Cordwainer Smith, pur apprezzato da critica e colleghi, non raggiunse grande popolarità in vita, né tantomeno vaste masse di lettori. La riscoperta si ebbe anni dopo la sua morte. Forse uno dei motivi della sua mancata diffusione fu lo stile peculiare, ricco di simbolismi, suggestioni e non privo di venature surreali. Questo stile, da alcuni editori considerato eccentrico e di non facile fruizione, non si richiamava tanto alle riviste pulp degli anni ’20 e ’30 – su cui si erano formati molti autori di fantascienza e che anche il giovane Paul aveva divorato, assieme ai libri di Jules Verne – quanto alla letteratura cinese, ai racconti delle Mille e una Notte e, più vicino a noi geograficamente, all’Odissea, alla Divina Commedia e alla poesia di Arthur Rimbaud. Gli scrittori di fantascienza che esercitarono la maggior influenza furono, per ammissione dello stesso Linebarger, il tedesco Alfred Döblin (1878-1957), l’inglese Olaf Stapledon (1886-1950) e lo statunitense Edward E. “doc” Smith (1890-1965), con le loro epopee future del genere umano.

Originale è il modo con il quale le storie vengono presentate: spesso a raccontare è un ipotetico narratore, posto in un futuro ancora più remoto, che utilizza tecniche da fiaba e da ballata popolare; il racconto assume così le connotazioni di leggenda, risalente a tempi antichi e quasi dimenticati.

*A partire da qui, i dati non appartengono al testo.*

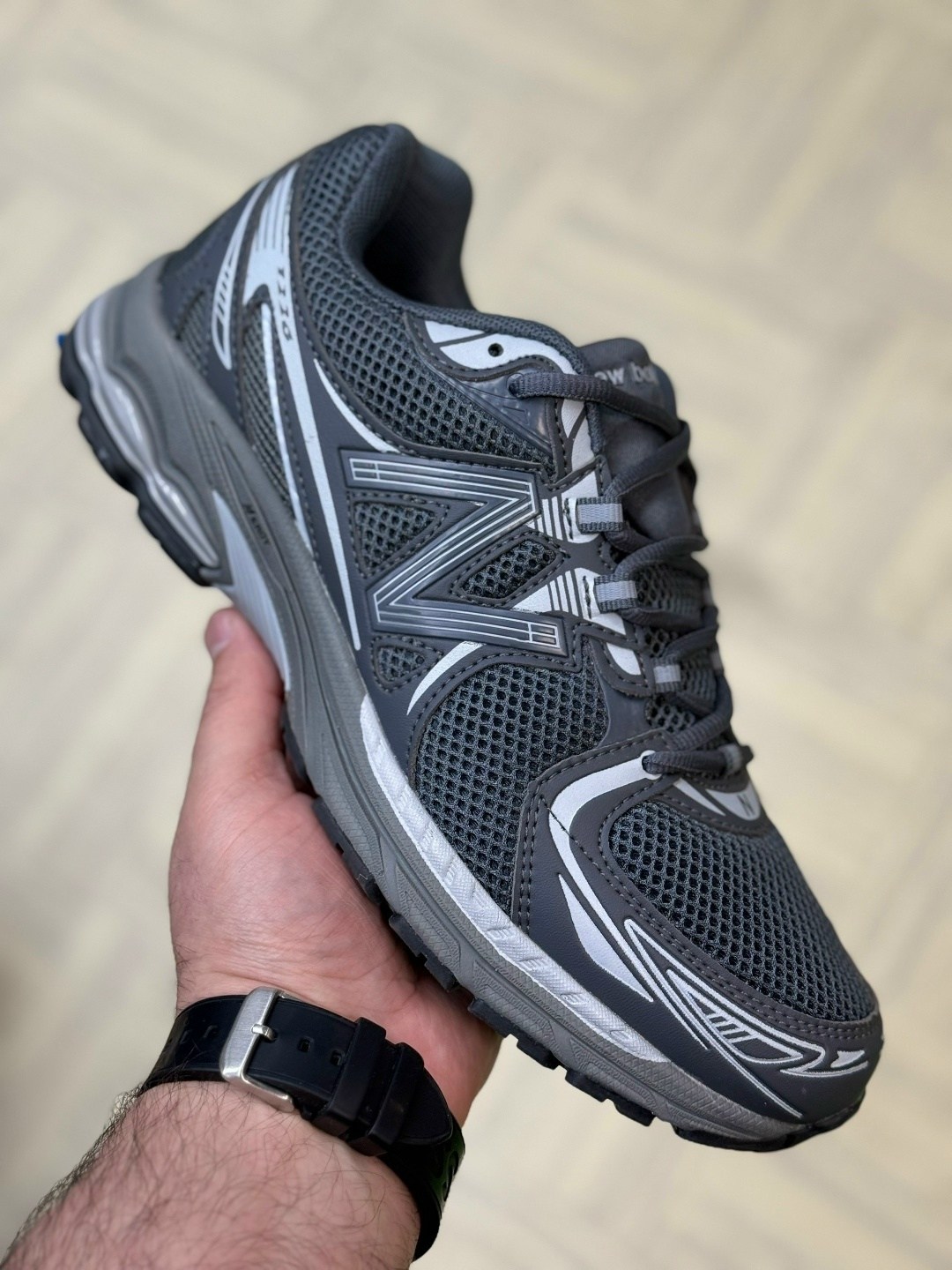 нью баланс кроссовки беговые,кроссовки new balance,new balance 860,беговые кроссовки,кроссовки нью баланс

In tutta la produzione cordwainerianalegata alla Strumentalità solo in un caso, “Alpha Ralpha Boulevard” (1961), è utilizzata la prima persona. Contravvenendo alle regole della narrativa moderna, Cordwainer Smith a volte anticipa nelle prime righe gli eventi che stanno per essere narrati, mostrando un’affinità con le antiche saghe nordiche e con i racconti della letteratura cinese classica. L’influenza orientale si avverte anche nei continui riferimenti, in un episodio, ad altri racconti oppure quando nella narrazione si aprono ampie parentesi che sviluppano sottotrame, solo apparentemente minori.

La maggior parte degli eventi ha luogo intorno al centosessantesimo secolo, nel pieno della cosiddetta Riscoperta dell’Uomo, momento in cui la Strumentalità realizza che l’utopia da essa instaurata nella galassia è fallita, togliendo agli esseri umani ogni gioia di vivere. I “Messeri e le Madonne”, per non soccombere al nichilismo, decidono di non garantire più ai cittadini quattrocento anni di vita, reintroducendo non solo alcune forme di malattia e di crimine ma anche lingue e forme d’arte dimenticate da secoli. Sempre valida, però, è la millenaria restrizione alla diffusione da un mondo all’altro delle religioni, considerate portatrici d’idee potenzialmente sovversive e destabilizzanti. Questo è anche il momento in cui gli omuncoli iniziano le loro rivendicazioni. L’epopea di questi schiavi ha forti connotazioni bibliche ed è contraddistinta dalla non-violenza, secondo un modello gandhiano tanto caro a Linebarger. Il trionfo finale degli umili e degli umiliati, durante la cosiddetta èra dei Lords of the Afternoon, avrà tra le conseguenze anche la salvezza del genere umano da una millenaria paralisi spirituale; purtroppo la prematura scomparsa dell’autore interruppe bruscamente l’evoluzione di questo maestoso mosaico futuro.

Nella visione storica di Cordwainer Smith, simile a quella della storiografia cinese, la civiltà umana è quindi soggetta a cicli di unità e frammentazione: nel momento in cui sono raggiunti l’equilibrio e la pace subentra la stagnazione. E’ necessario quindi rimettere in moto il pendolo della storia.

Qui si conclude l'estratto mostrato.